━━━━━ Data for the task
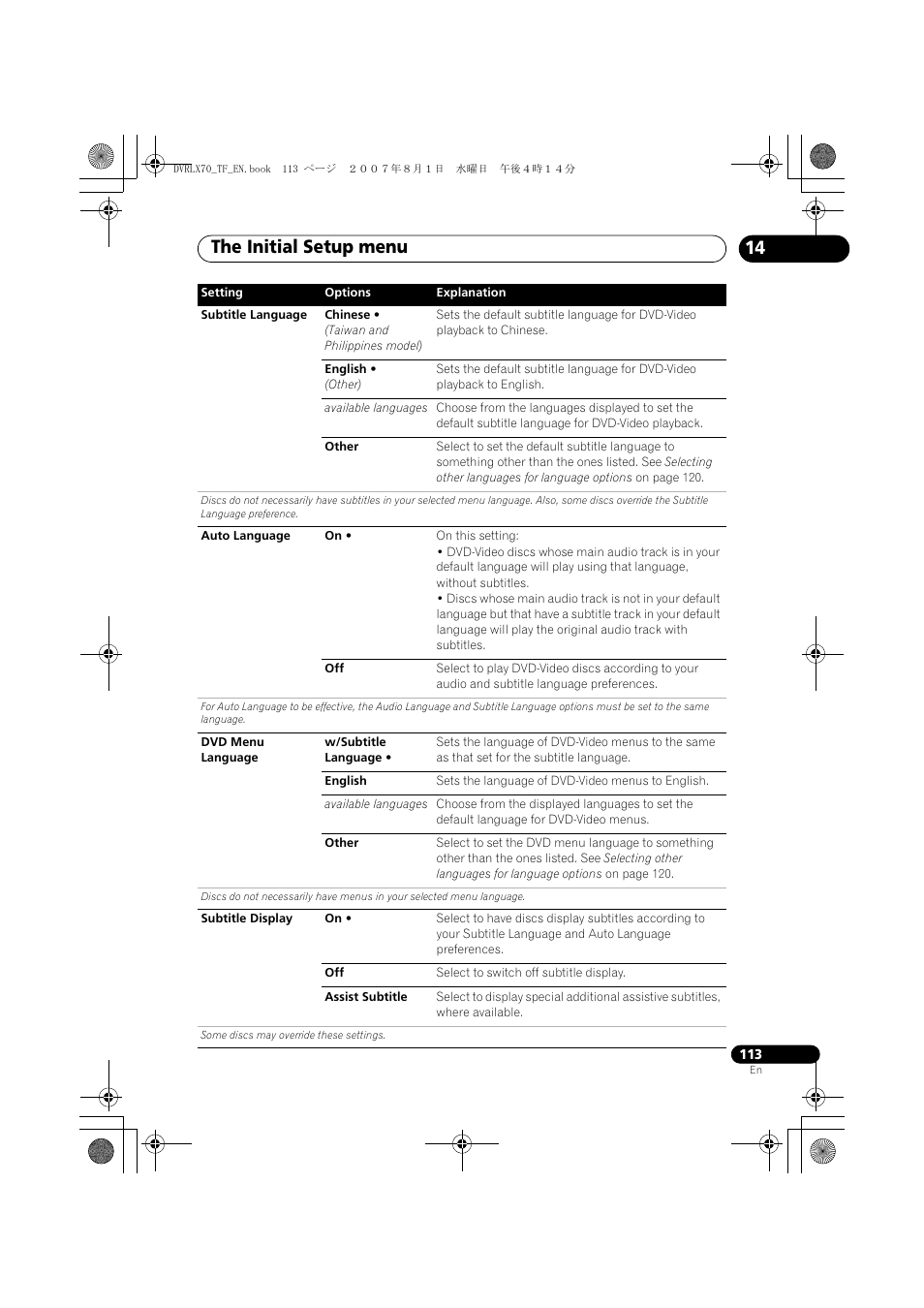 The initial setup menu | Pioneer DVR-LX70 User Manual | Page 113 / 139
━━━━━━━━━━
━━━━━ Data for the task
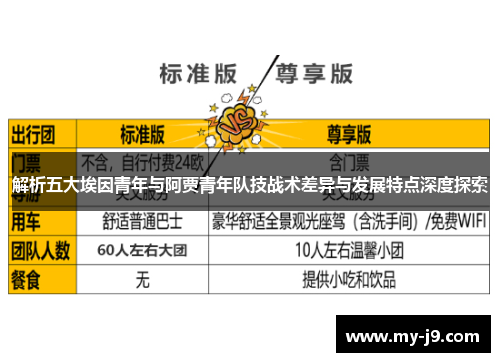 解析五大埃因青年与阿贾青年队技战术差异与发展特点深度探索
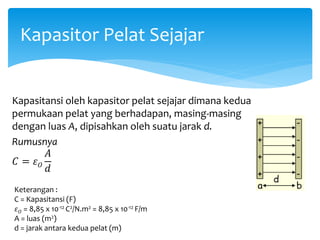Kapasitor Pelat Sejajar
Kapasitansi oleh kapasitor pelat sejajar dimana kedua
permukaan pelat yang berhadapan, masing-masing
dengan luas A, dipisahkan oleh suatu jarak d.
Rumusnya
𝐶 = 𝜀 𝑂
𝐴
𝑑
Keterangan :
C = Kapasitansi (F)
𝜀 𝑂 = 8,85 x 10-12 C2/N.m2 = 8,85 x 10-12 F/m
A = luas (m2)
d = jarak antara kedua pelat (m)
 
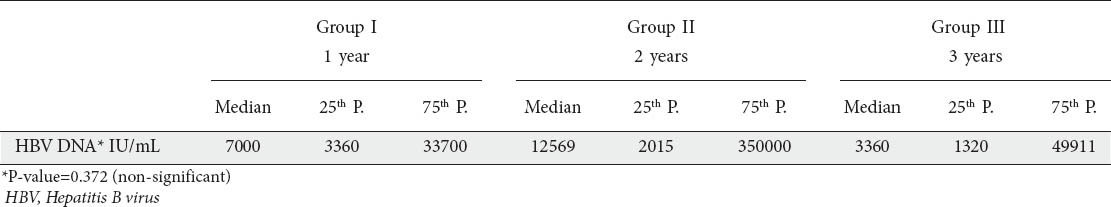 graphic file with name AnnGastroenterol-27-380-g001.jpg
━━━━━━━━━━
Activity
Return exactly the lines that appear in the data above between the line containing "dengan luas A, dipisahkan oleh suatu jarak d." and the line containing "graphic file with", both of which are included, and leave the pictures out.

Task solution
dengan luas A, dipisahkan oleh suatu jarak d.
Rumusnya
𝐶 = 𝜀 𝑂
𝐴
𝑑
Keterangan :
C = Kapasitansi (F)
𝜀 𝑂 = 8,85 x 10-12 C2/N.m2 = 8,85 x 10-12 F/m
A = luas (m2)
d = jarak antara kedua pelat (m)
 
 graphic file with name AnnGastroenterol-27-380-g001.jpg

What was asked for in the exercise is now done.